### Your goal
Take the material below and extract the lines from the one with "واگذاری بچه گربه" through the one with "专题06基础知识综合(解析版", word for word, without pictures.

### Records for processing
<<<<
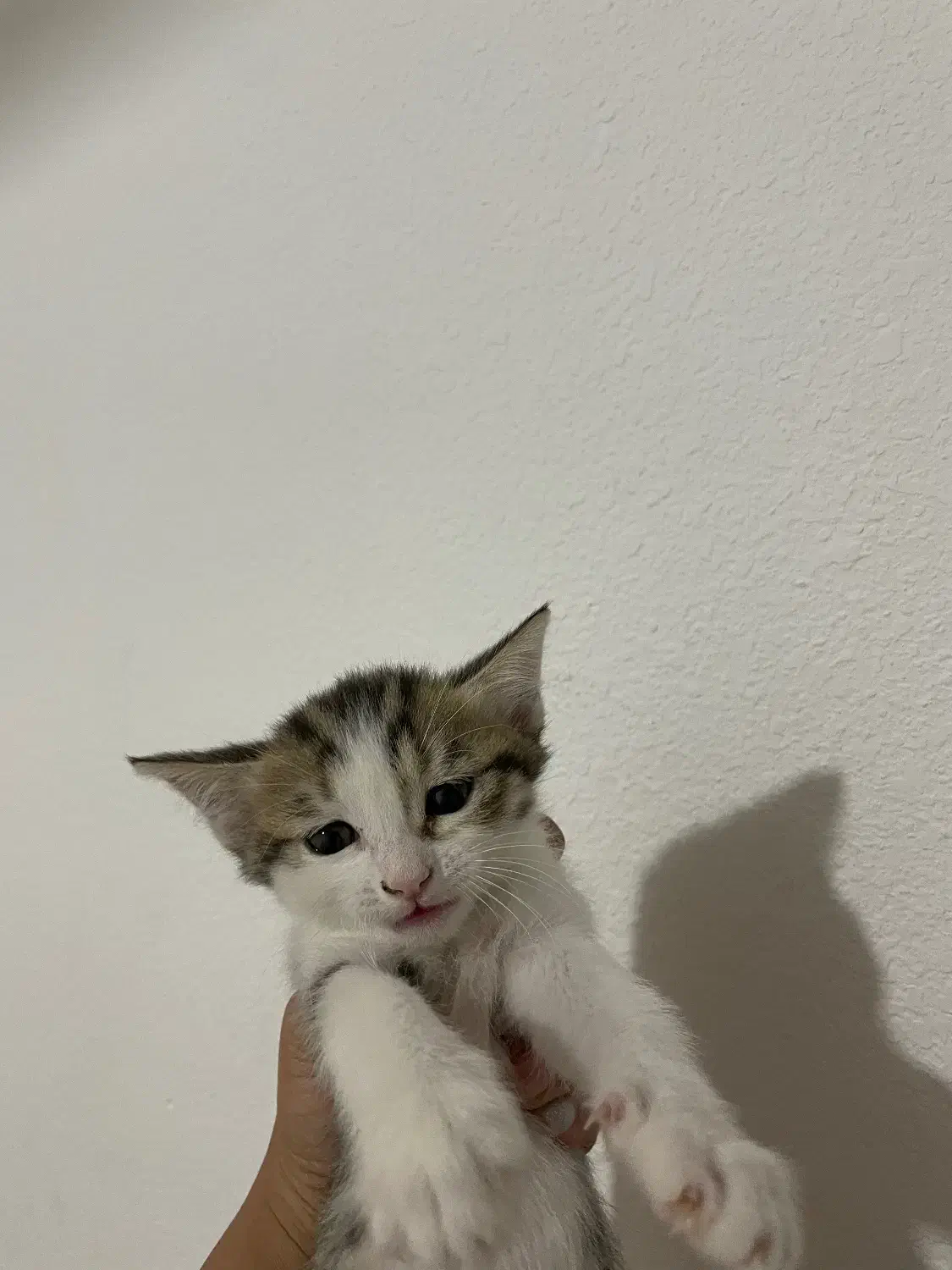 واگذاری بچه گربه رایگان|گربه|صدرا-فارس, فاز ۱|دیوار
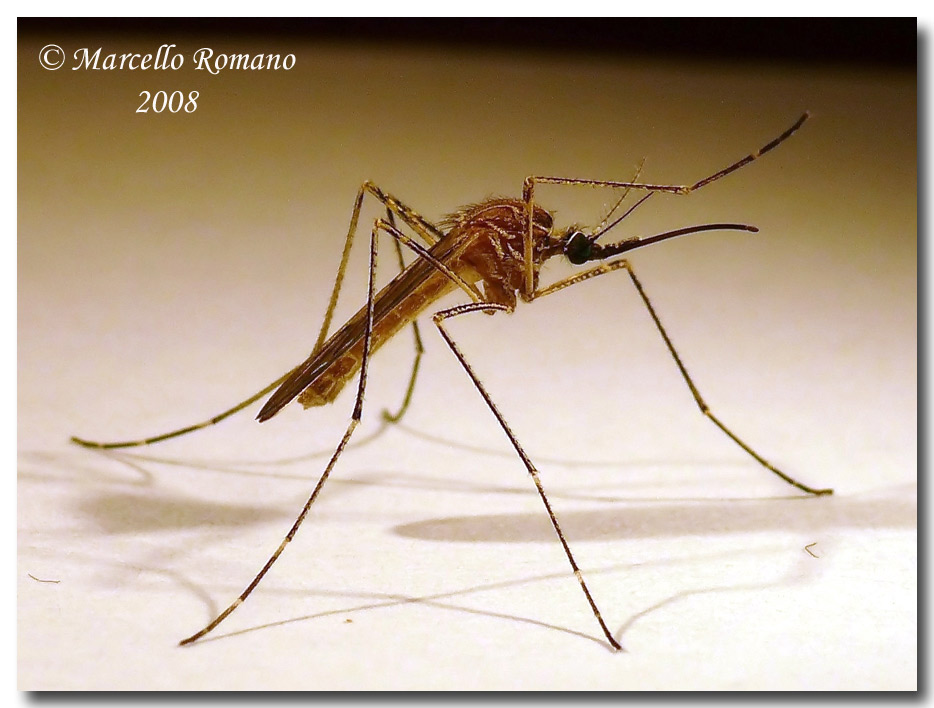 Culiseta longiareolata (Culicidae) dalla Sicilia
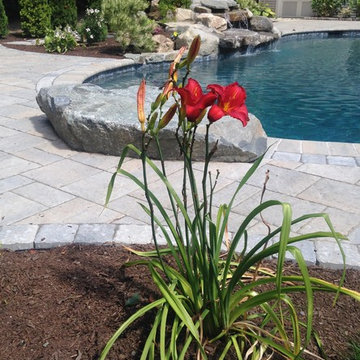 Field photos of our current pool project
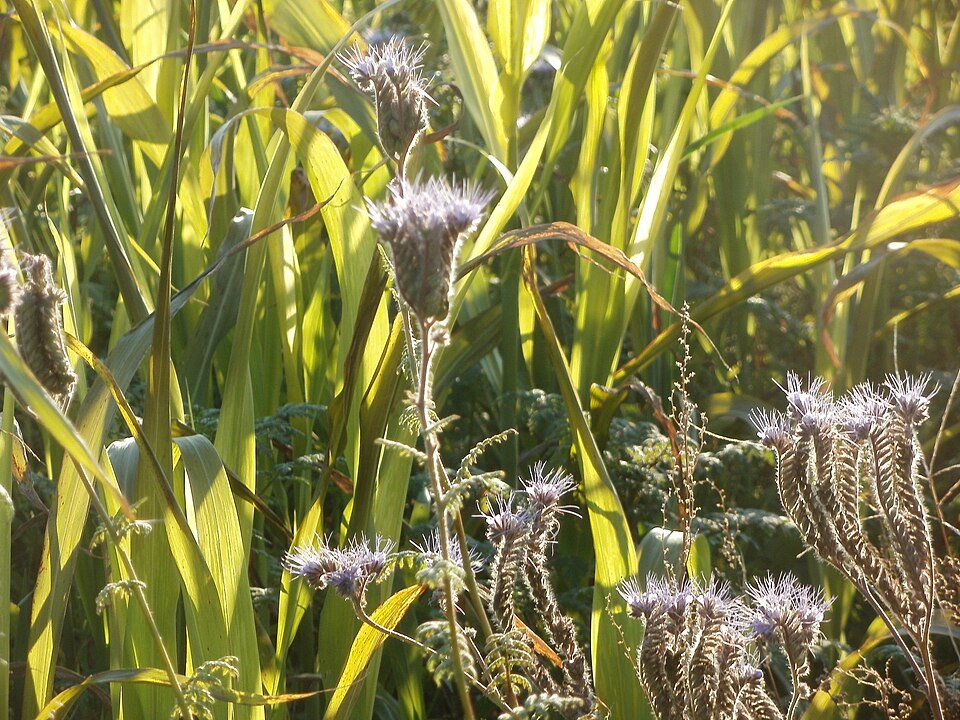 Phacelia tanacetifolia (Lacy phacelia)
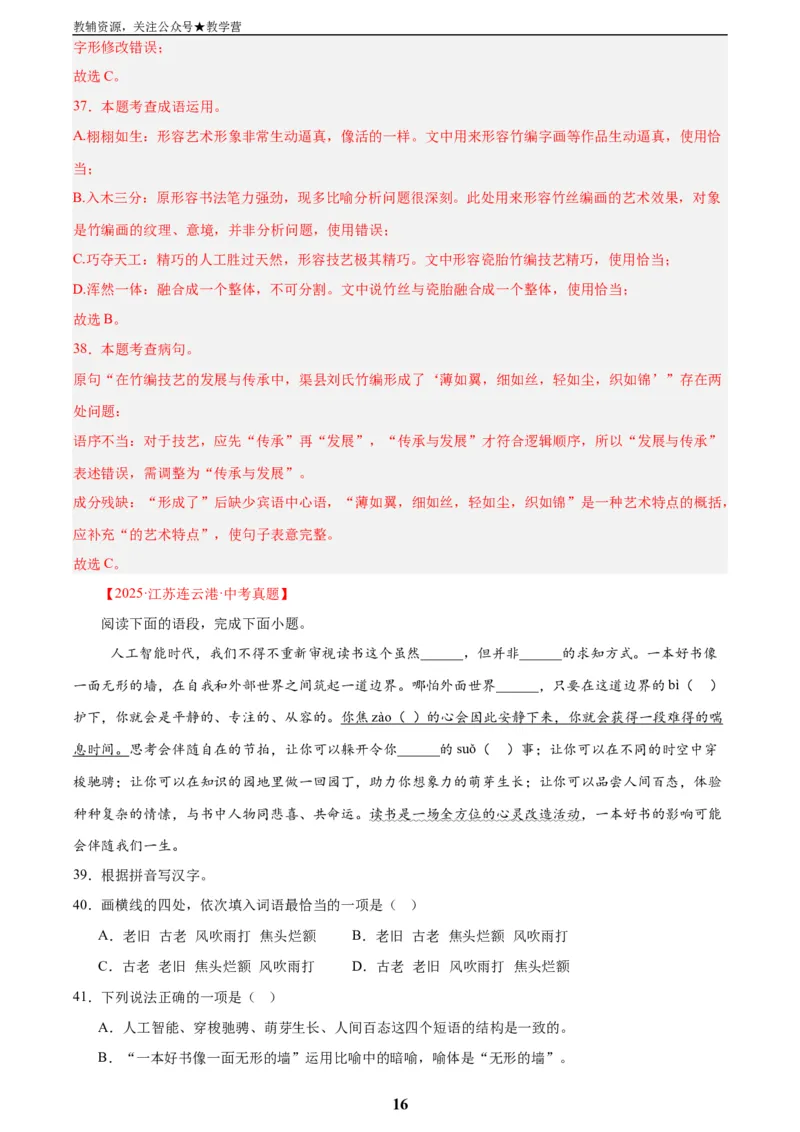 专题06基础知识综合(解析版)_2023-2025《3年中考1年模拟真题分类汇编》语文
>>>>
<<<<
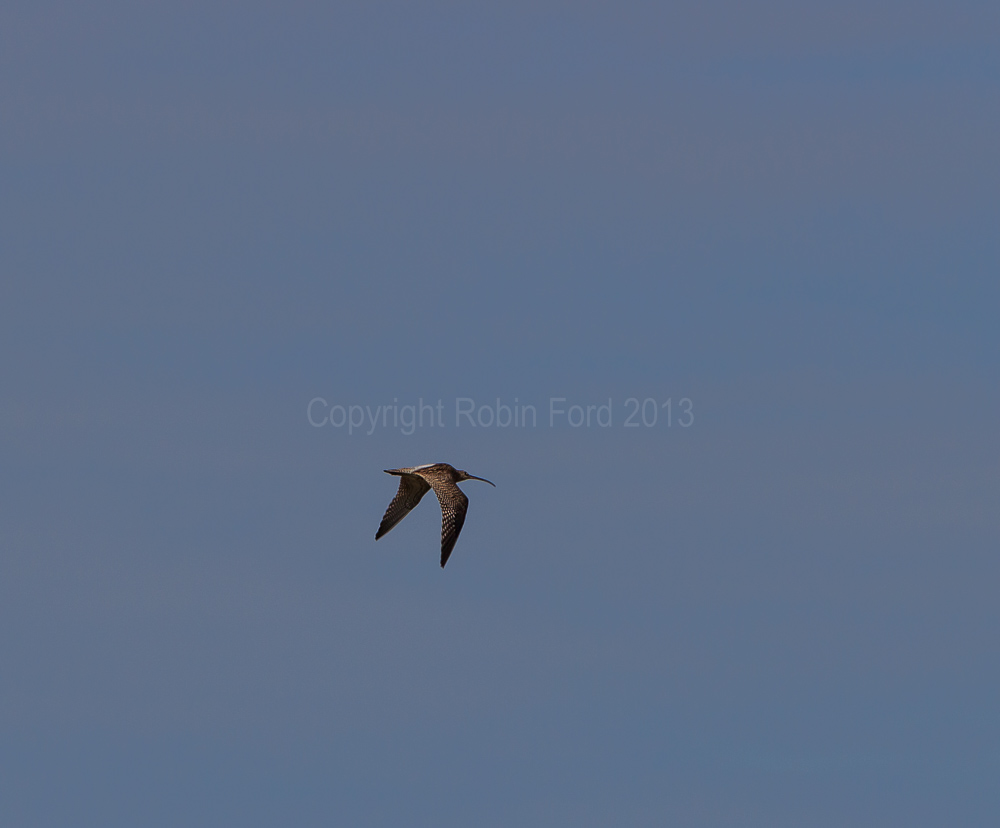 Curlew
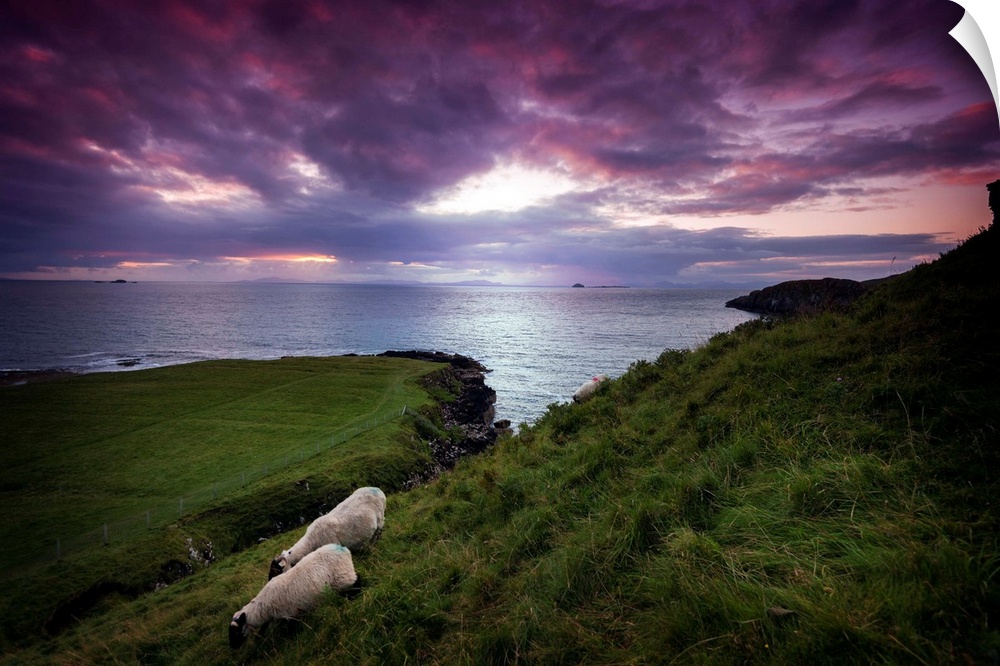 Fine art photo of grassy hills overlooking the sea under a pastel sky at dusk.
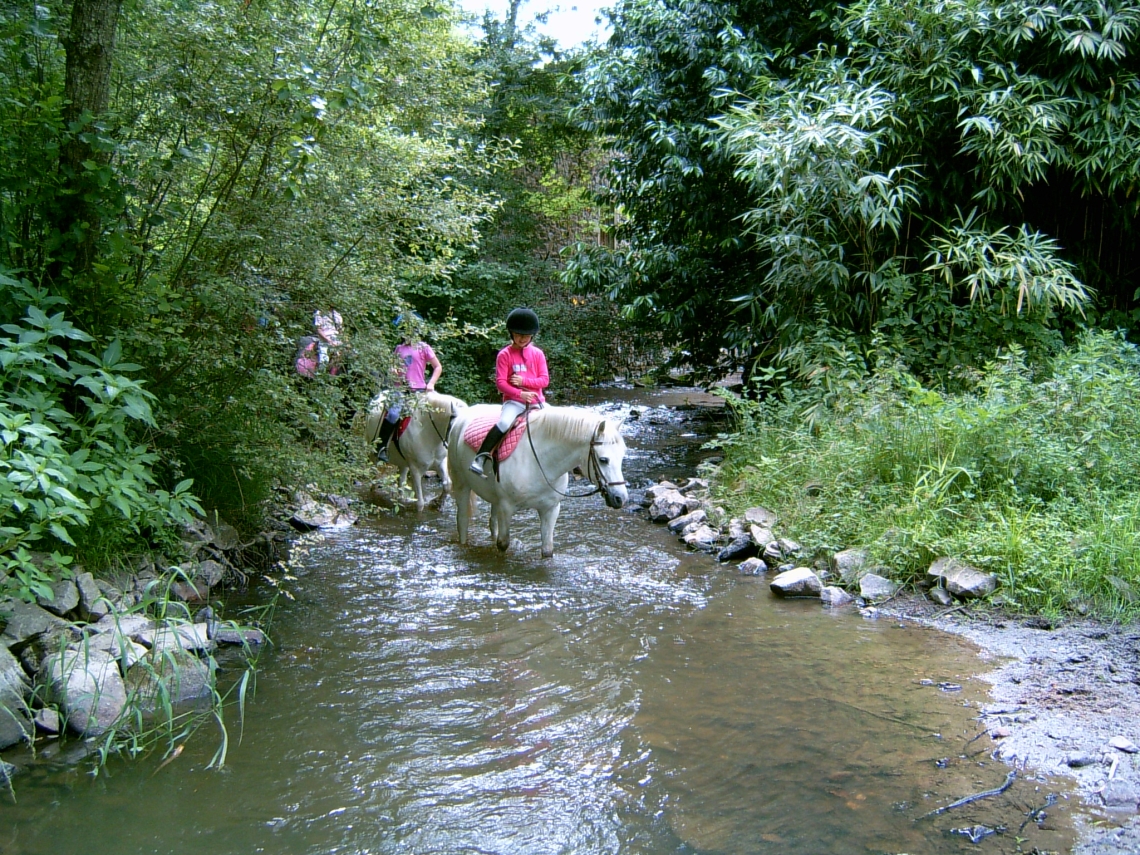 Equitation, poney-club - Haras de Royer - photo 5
>>>>
### Output below
 واگذاری بچه گربه رایگان|گربه|صدرا-فارس, فاز ۱|دیوار
 Culiseta longiareolata (Culicidae) dalla Sicilia
 Field photos of our current pool project
 Phacelia tanacetifolia (Lacy phacelia)
 专题06基础知识综合(解析版)_2023-2025《3年中考1年模拟真题分类汇编》语文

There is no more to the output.